At its peak, the 18th century Mechanical Turk toured the world; leaving audiences in awe at its seemingly advanced ability to beat opponents in chess. It only became publicly known after decades the Turk had a human chess master below who would manipulate the machine to make moves on their behalf. Over two centuries later in 2017, Google’s AlphaGo beat the world’s best Go player with no human intervention. In this case, the core technology evolved from human to machine, but personas were constructed along the way to disguise human labor behind the interface.
Beyond entertainment, this type of persona construction extends to humans used for service labor. As trains became commercialized in the 1860’s, black porters were known as George’s amongst passengers. This name comes from George Pullman, manufacturer of the Pullman Sleeper car. The George, similar to the Turk, functioned as a mask to human identities. Though George’s (as an interface) represented a deeper charade of power relationships.
Amazon adopted the Mechanical Turk name for one of their platforms, and it has since grown to be the world’s largest online workforce, comprising roughly 500,000 contract-based employees around the world. These ‘turkers’ help researchers and tech companies bring structure to unstructured data and train AI; with activities ranging from spotting fake news to filling out surveys. While it’s known that humans are behind the interface, they’re represented only as a string of letters and numbers to requestors.

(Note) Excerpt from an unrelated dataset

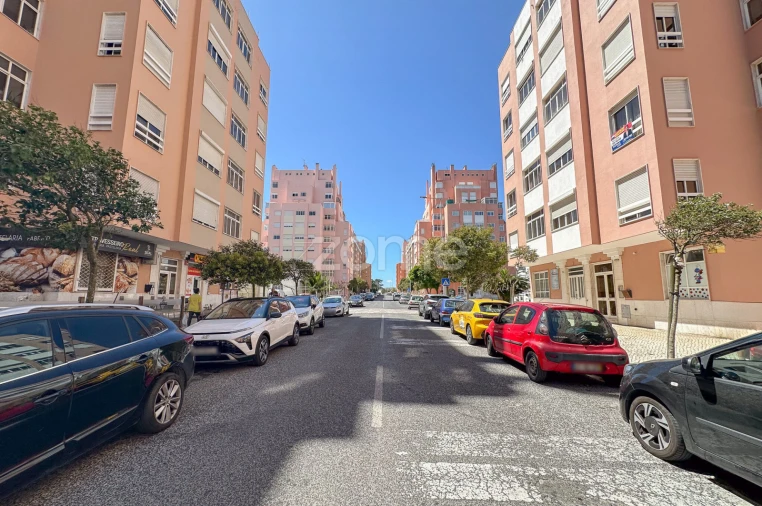 Apartamento T3 para Venda em Rio de Mouro Foto 32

In Finland, the Criminal Sanctions Agency is partnering with Vainu, an enterprise SaaS tech company, to employ prisoners as ‘turkers’ to validate data that will help organizations arrive at more comprehensive business decisions. While the company boasts the prisoners are gaining transferable skills, the dissonance between the worlds of the end user and prisoner blur the lines of where the human labor ends and the machine begins.